LOUISVILLE, Ky. — On Saturday Breonna Taylor’s mom, Tamika Palmer, family, national and local leaders, and thousands of protesters gathered in front of Louisville Metro Hall in downtown Louisville to honor Taylor’s life.
It was the location for an organized balloon release for Breanna Taylor a day after her 27th birthday.
The lineup of speakers varied on the local and national level. One of the first speakers was Taylor’s aunt, Bianca Austin. She had heartfelt words and got the crowd going, and Palmer laughing amidst her tears of grief, lead everyone in the Stevie Wonder version of “Happy Birthday."
Louisville native and member of the Atlantia Falcons, Jamon Brown also made an appearance Saturday.
“We’re not celebrating her death but her life and what that meant. Right now we are standing here today in hopes, not just hopes, but in action we are going to make change, not only in our city but in the world,” Brown said.
Of course, a historical moment-in-the-making in Louisville, such as this one, wouldn’t be complete without some presence of Muhammad Ali. His cousin Sean Ali Waddell attended from Washington D.C. and gave one of the most powerful speeches.

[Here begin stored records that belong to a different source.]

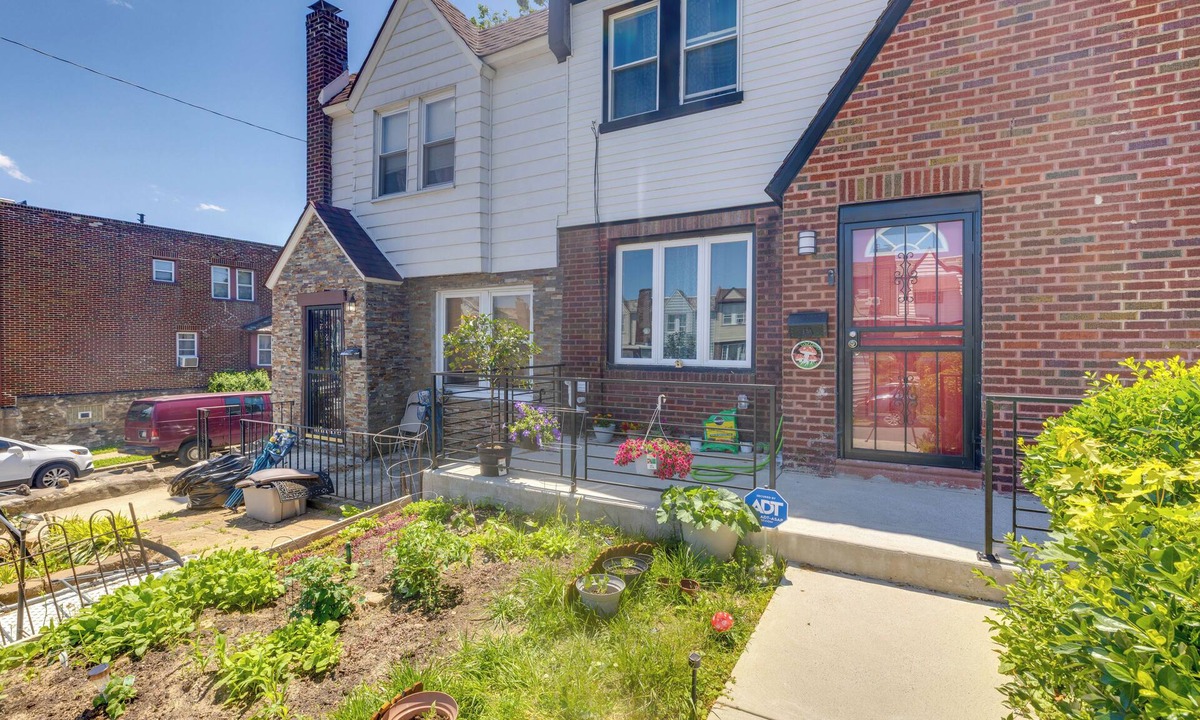 North Philadelphia Apartment | Walk to Shops + Dining: Philly Apartment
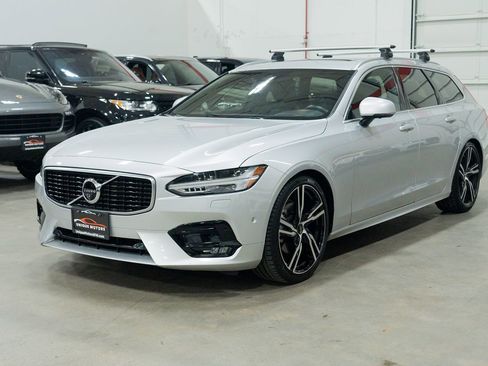 Used 2019 Volvo V90 T5 R-Design w/ Protection Package Premier image 3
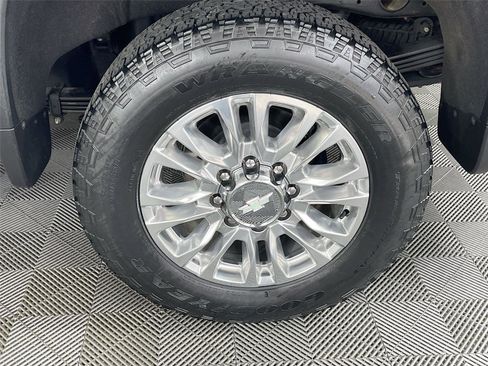 Used 2020 Chevrolet Silverado 2500 High Country w/ Safety Package II image 35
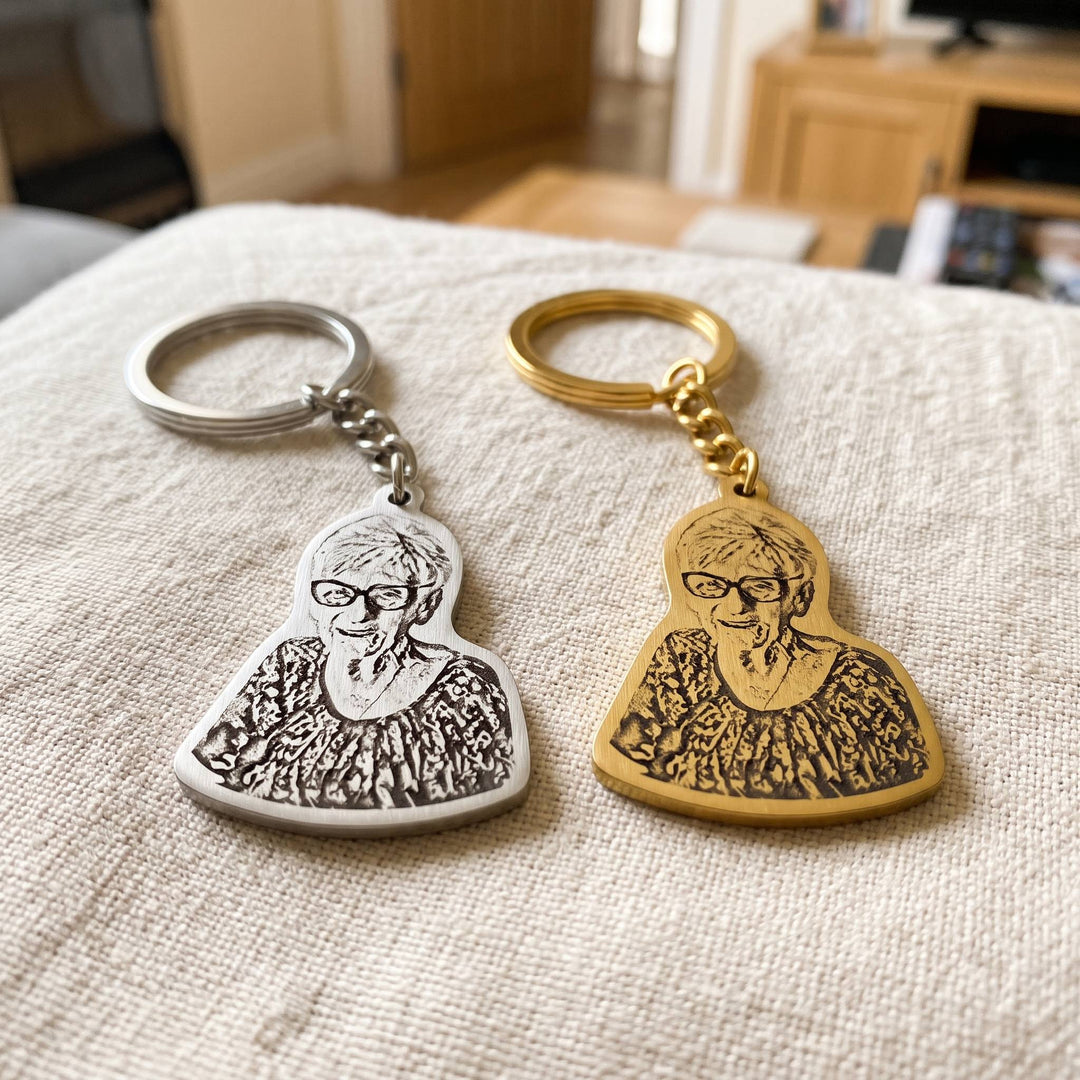 remembrance photo keychain engraved from a photo, silver and gold side by side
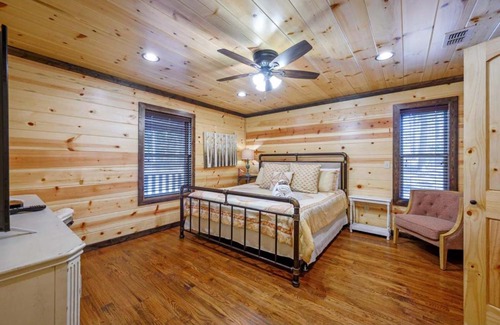Broken Bow House | Dirt Road Mansion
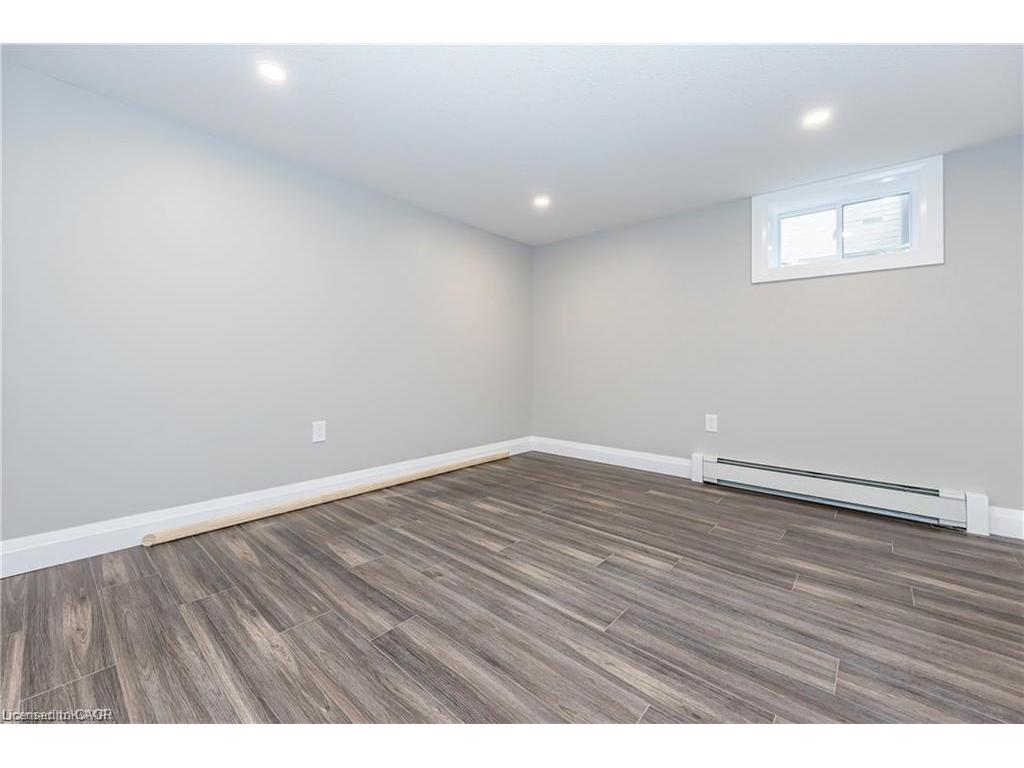 









200


Sheldon

Avenue North, B,
Kitchener,




ON
N2H 3M8


“Let me tell you something, City of Compassion! Louisville, if you want to be the City of Compassion, you must first be a City of Justice! You must first be a City of Justice. Because people cannot have a heart of love and compassion and peace if it’s not predicated upon freedom of justice and equality for black people in this country,” Waddell vehemently said into the microphone before turning to Palmer and giving her a hug and said, “I love you.”
Civil rights leader Rev. Jesse Jackson touched down into Louisville Saturday afternoon ahead of his Sunday appearance at St. Stephen Church in West Louisville. The 78-year-old made his way through the crowd and also spoke.
“Police,” he asked people to chant. After they did, he said each word and had the sea of protesters repeat after him to say, “Police are citizens. When they kill, they must pay the price.”
Other speakers included the Mom and Dad of Taylor’s boyfriend Kenneth Walker; the President and CEO of the Louisville Urban League, Sadiqa Reynolds; U.S. House Representative John Yarmuth (D-KY); and Lonita Baker, one of the attorneys for Taylor’s family, to name a few.
After the speakers said their words, Palmer and close family released butterflies in Taylor’s honor while the protesters released blue, white, silver, and cream-colored balloons. They filled Louisville’s clear, blue sky and rose above the peaceful protests on Saturday.
Blue was one of Taylor’s favorite colors.